• _Requirement_: Below, some lines carry pictures; leave those pictures out and retype exactly the lines from the one with "5 Min Walk To" through the one with "I fællesområderne er".

• _Material provided_:
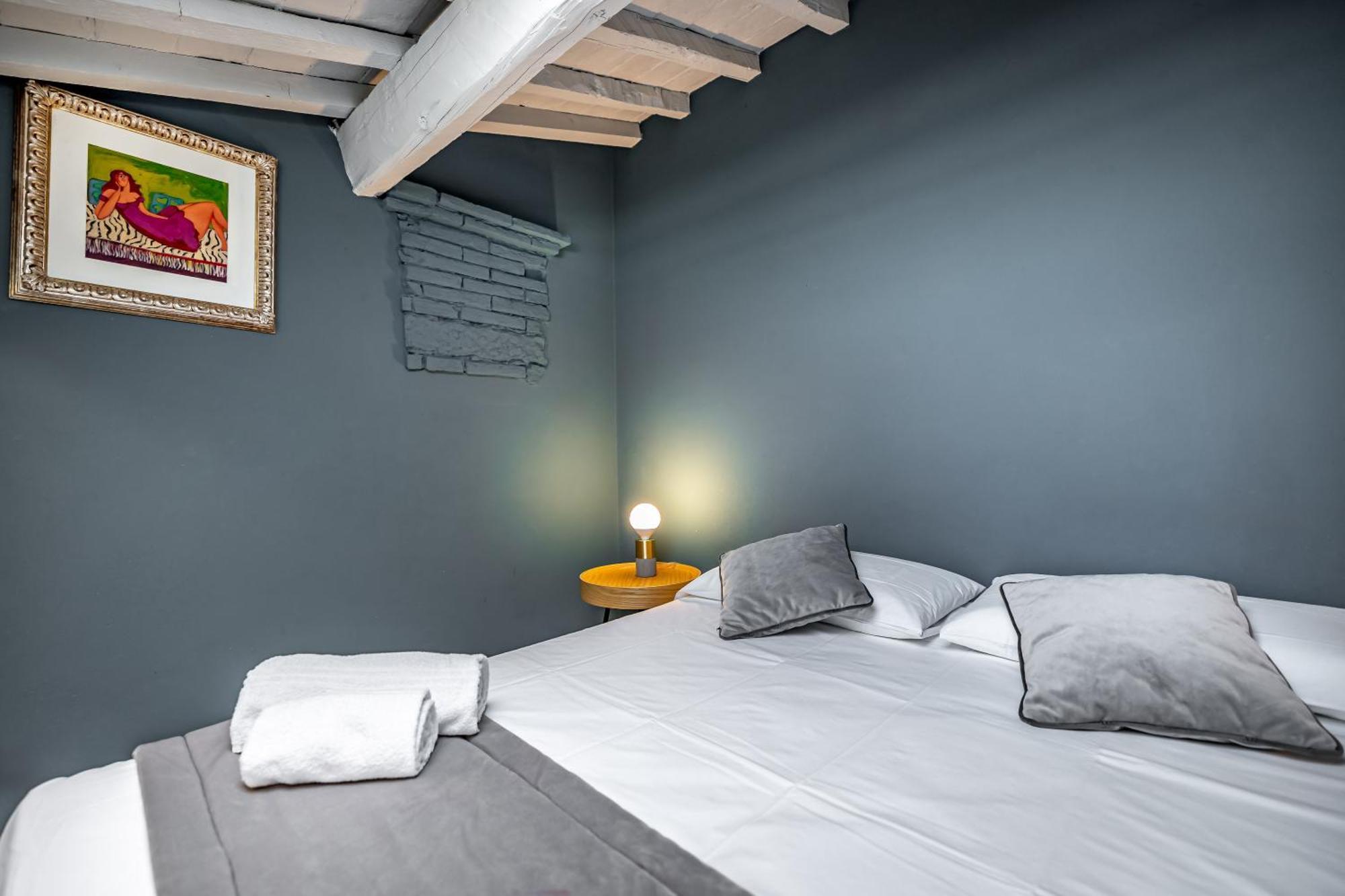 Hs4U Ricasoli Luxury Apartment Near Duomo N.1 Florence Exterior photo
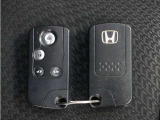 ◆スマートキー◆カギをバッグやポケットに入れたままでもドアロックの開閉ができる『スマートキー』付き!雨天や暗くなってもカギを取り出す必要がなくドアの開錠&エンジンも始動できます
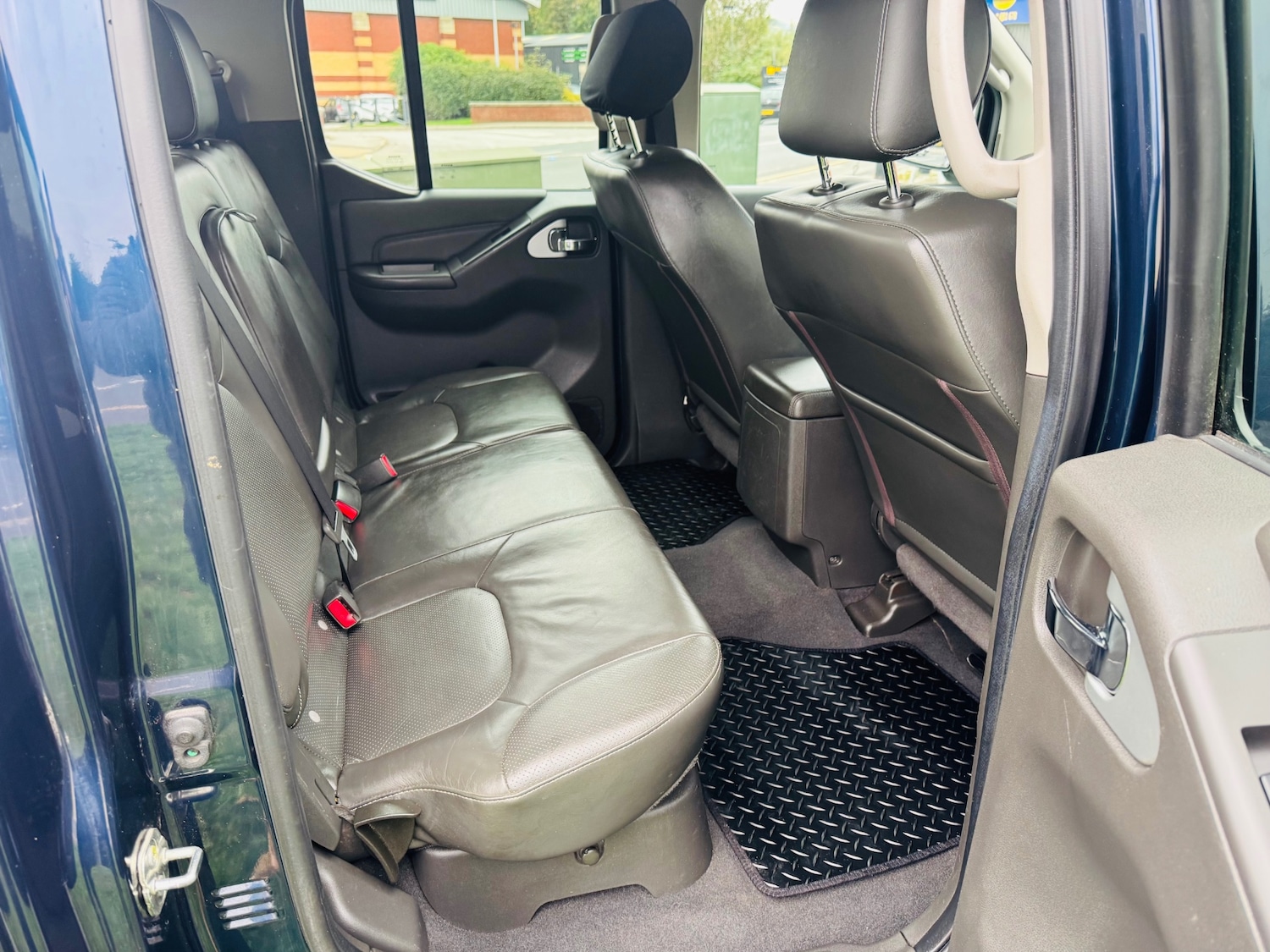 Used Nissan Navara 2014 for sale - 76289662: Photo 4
* * *
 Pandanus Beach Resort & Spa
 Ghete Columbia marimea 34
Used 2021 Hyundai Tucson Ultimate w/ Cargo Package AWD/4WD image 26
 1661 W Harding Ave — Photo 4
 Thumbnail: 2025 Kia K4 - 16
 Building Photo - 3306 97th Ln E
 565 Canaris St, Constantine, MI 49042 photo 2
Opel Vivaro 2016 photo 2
* * *
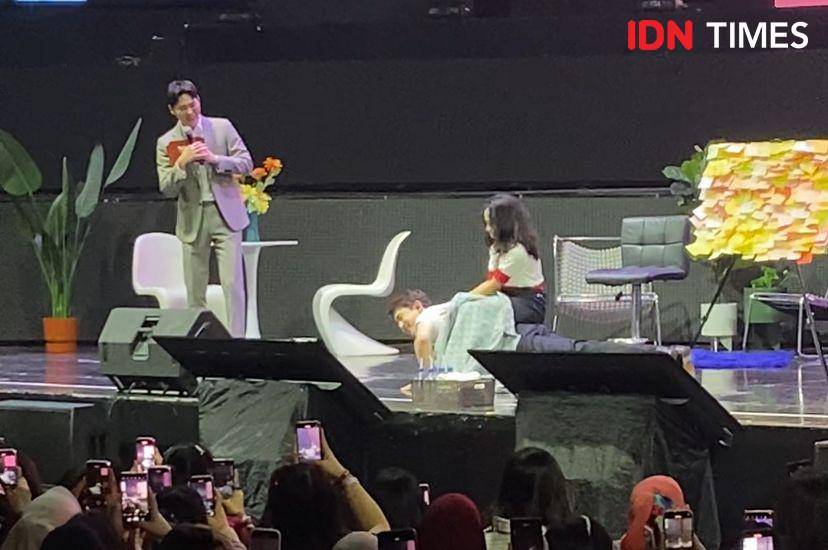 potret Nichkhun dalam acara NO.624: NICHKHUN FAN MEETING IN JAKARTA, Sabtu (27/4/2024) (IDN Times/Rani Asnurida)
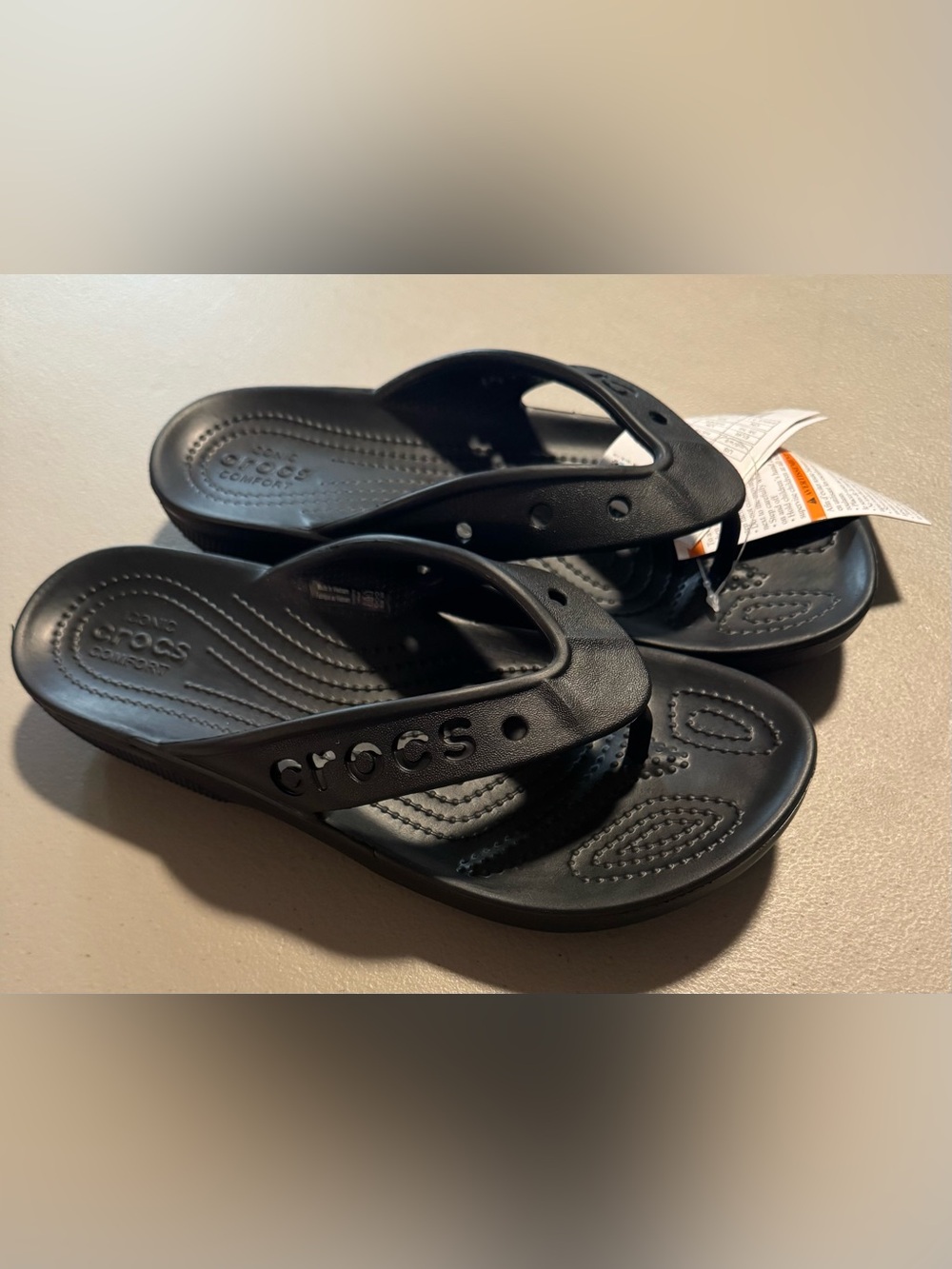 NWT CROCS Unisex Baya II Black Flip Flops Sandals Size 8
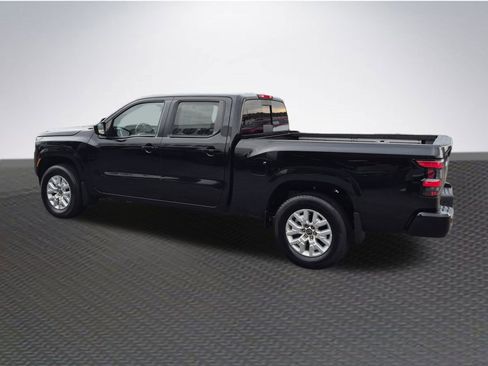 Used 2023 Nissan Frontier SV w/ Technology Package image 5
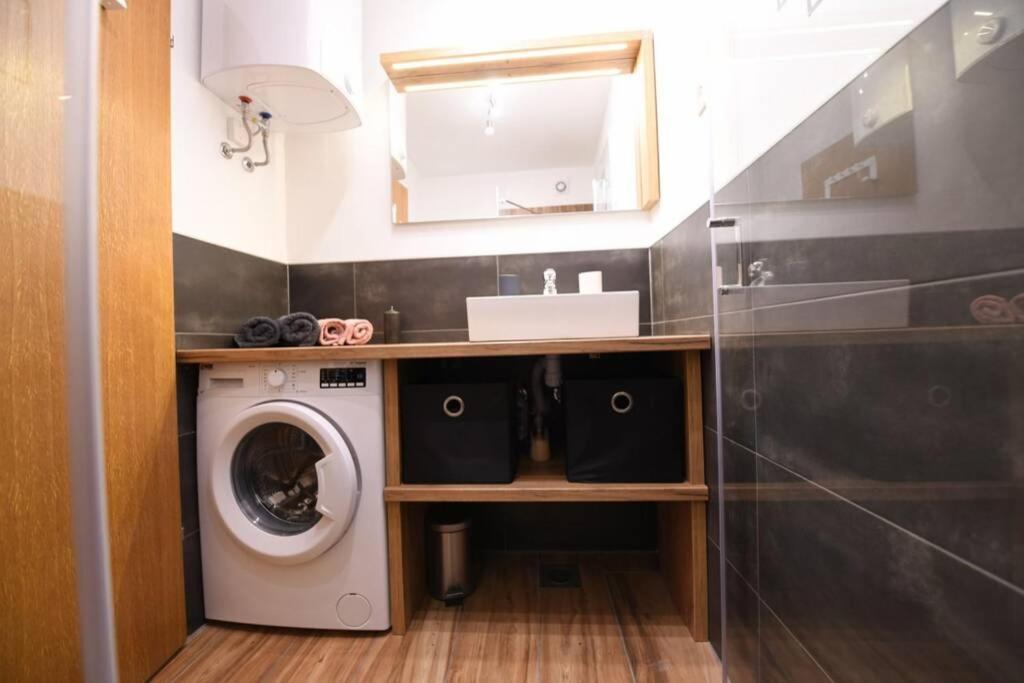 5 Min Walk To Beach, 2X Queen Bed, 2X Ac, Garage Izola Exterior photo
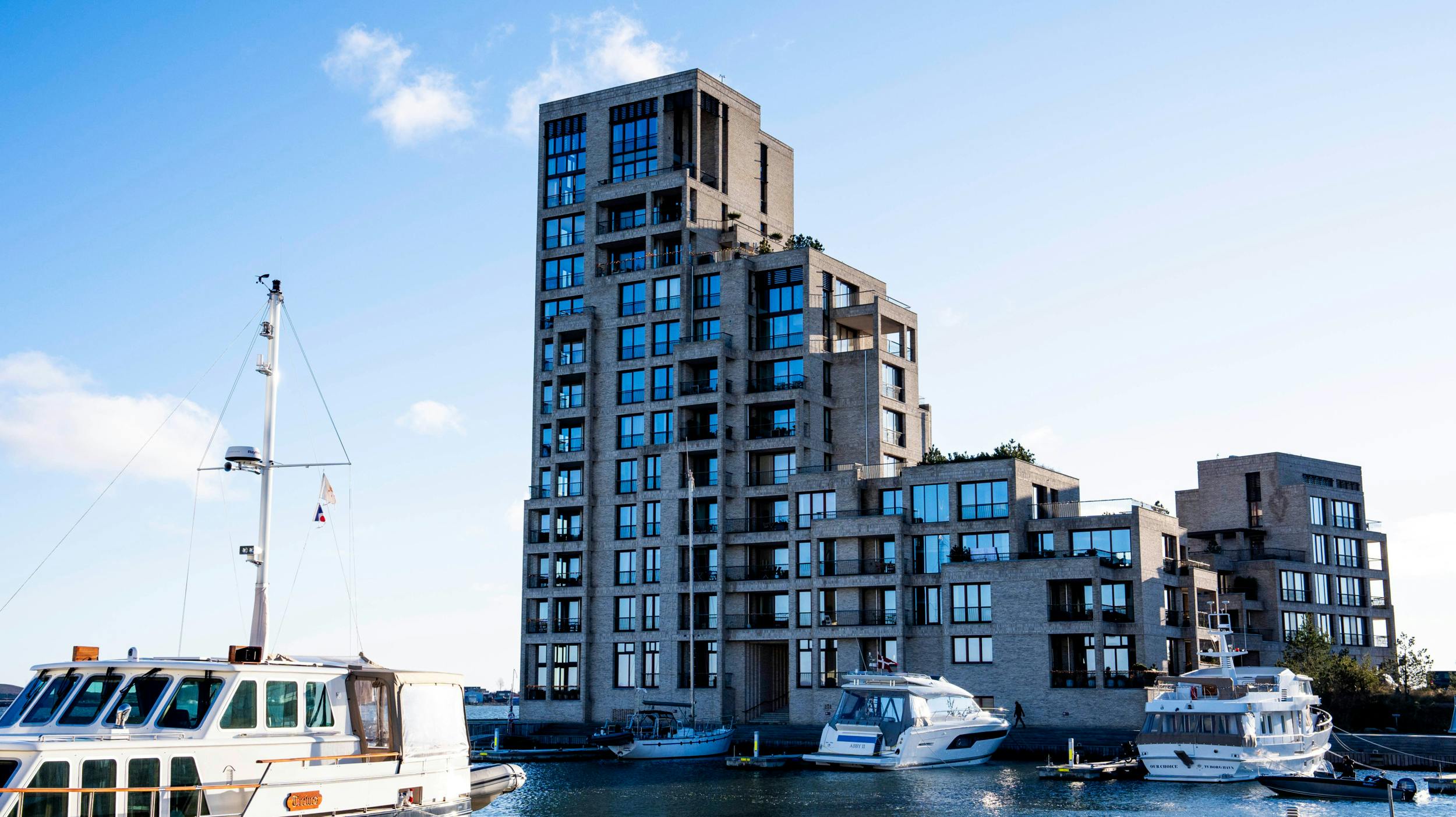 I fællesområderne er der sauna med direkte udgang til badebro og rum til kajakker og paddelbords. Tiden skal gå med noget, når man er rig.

• _Reply to the exercise_:
 5 Min Walk To Beach, 2X Queen Bed, 2X Ac, Garage Izola Exterior photo
 I fællesområderne er der sauna med direkte udgang til badebro og rum til kajakker og paddelbords. Tiden skal gå med noget, når man er rig.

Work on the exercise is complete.